Una bella contraddizione in termini, che la giornalista del New York Times Julia Chaplin individua come stile di vita dei cosiddetti gypsetters, artisti, designer e bon vivants che vivono e lavorano in giro per il mondo, spostandosi da un luogo all’altro frequentemente. La Chaplin ha scritto addirittura un libro intitolato proprio Gypset Style, che racconta le vite di questi zingari dell’alta società, le loro abitudini e i luoghi in cui si incontrano.

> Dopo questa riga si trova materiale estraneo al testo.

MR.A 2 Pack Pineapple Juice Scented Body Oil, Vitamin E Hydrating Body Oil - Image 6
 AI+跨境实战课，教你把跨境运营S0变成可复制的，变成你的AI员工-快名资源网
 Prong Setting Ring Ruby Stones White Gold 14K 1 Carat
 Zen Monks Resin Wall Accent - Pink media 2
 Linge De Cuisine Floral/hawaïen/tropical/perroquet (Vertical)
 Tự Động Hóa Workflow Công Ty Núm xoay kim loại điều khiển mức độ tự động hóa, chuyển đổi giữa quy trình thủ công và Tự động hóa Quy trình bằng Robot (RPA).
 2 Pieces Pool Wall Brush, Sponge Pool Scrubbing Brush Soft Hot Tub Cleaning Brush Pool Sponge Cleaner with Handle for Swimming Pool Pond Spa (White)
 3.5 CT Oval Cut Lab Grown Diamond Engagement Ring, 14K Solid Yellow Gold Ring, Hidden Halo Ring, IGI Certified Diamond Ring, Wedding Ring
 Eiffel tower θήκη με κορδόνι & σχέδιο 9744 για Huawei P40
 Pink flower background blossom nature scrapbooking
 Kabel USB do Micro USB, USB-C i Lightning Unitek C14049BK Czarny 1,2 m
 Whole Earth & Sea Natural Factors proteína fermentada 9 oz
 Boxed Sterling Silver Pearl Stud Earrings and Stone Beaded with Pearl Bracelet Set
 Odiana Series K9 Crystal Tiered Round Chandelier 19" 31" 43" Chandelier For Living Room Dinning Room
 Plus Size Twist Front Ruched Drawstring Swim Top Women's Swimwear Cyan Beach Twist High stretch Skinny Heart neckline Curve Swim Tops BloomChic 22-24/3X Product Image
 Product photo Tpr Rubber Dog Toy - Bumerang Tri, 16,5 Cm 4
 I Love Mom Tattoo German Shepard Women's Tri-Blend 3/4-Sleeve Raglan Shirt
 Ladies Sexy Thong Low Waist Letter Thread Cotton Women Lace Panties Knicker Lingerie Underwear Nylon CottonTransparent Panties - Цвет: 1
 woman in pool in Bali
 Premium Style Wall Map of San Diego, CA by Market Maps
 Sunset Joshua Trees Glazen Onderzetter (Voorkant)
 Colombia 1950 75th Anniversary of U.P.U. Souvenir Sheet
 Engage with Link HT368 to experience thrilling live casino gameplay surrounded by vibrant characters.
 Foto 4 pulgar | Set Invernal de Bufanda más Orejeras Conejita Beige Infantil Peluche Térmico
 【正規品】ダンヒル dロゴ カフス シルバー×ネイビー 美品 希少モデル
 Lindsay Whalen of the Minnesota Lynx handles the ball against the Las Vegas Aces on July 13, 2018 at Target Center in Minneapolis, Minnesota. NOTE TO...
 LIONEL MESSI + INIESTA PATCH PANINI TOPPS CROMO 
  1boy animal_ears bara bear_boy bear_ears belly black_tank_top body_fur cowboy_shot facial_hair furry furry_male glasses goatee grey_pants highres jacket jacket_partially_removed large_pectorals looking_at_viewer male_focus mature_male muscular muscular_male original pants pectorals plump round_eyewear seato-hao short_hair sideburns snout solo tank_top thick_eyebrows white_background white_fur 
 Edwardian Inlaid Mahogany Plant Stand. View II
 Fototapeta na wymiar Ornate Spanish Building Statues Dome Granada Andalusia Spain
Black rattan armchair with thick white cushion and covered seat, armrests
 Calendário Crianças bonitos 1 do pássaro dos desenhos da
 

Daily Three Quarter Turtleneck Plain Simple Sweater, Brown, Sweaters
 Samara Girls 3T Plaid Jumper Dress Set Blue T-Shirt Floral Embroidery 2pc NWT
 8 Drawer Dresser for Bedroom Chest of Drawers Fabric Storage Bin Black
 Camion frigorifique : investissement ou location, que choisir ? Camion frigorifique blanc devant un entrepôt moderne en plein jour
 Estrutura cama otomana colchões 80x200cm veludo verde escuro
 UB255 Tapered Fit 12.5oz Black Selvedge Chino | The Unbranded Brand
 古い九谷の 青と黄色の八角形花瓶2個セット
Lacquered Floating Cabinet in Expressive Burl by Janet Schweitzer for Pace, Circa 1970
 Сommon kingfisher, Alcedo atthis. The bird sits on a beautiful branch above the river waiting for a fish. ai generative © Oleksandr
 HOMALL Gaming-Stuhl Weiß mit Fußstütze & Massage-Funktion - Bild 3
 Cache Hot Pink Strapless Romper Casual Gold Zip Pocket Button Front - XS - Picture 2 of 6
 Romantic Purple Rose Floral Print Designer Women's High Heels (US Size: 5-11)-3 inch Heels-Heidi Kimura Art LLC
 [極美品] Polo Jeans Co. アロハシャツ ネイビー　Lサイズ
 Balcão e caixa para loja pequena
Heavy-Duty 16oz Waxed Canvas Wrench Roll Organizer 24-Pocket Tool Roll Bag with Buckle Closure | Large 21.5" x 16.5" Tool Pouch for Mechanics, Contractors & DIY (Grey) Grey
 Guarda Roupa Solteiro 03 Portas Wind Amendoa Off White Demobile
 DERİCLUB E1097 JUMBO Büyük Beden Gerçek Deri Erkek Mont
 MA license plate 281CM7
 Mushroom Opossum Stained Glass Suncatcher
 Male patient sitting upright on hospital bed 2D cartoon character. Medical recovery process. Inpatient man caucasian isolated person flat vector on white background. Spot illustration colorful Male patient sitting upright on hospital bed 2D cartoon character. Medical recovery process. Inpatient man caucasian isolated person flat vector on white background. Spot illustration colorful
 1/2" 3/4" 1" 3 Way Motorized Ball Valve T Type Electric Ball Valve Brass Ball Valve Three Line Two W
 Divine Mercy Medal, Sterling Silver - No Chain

Ammetto che si tratta di un modo di vivere molto lontano da quello usuale per la maggior parte di noi, che al massimo facciamo un viaggetto durante le ferie e prendiamo il treno solo da pendolari. Possiamo comunque prendere spunto dallo stile cosmopolita e contaminato di questi beatnik contemporanei, per riassortire i nostri look.

Lo spirito dei gypsetter è quello dei giramondo, che acquistano capi ai quattro angoli del globo e li assemblano in maniera rilassata e apparentemente casuale.

Non è infrequente vedere kaftani, abaya o bisht (abiti tipici del medio e lontano oriente) dai colori sgargianti e dai tessuti opulenti, spesso impreziositi da ricami fatti a mano, abbinati a jeans strappati e boyfriend, borse firmate e scarpe dal tacco alto. Rispolverate il kaftano comprato nel vostro viaggio in Oriente e indossatelo per un aperitivo con gli amici. Utile anche se volete camuffare qualche chilo di troppo.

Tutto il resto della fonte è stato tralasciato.